**ASSIGNMENT:** Give the data again in full, without pictures.

**INFORMATION SUPPLIED:**
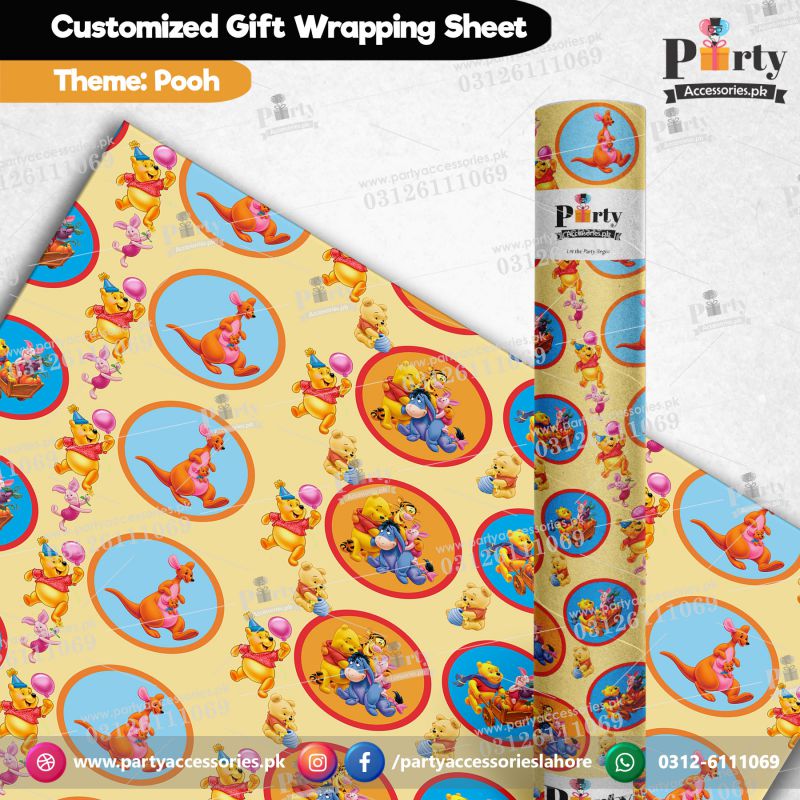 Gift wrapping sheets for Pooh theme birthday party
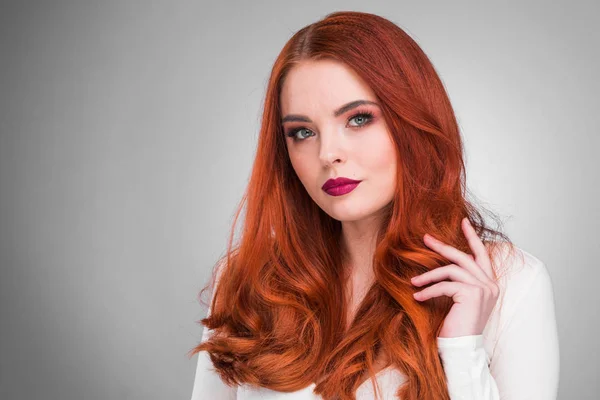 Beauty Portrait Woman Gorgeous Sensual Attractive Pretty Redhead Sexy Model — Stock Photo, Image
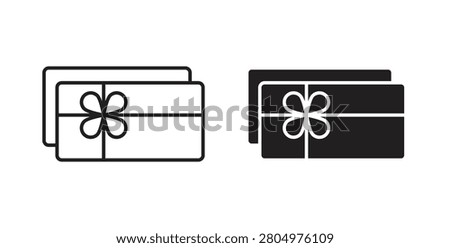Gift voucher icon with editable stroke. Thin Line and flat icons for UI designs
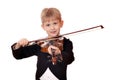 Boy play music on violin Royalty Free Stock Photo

**EXERCISE RESULT:**
 Gift wrapping sheets for Pooh theme birthday party
 Beauty Portrait Woman Gorgeous Sensual Attractive Pretty Redhead Sexy Model — Stock Photo, Image
Gift voucher icon with editable stroke. Thin Line and flat icons for UI designs
 Boy play music on violin Royalty Free Stock Photo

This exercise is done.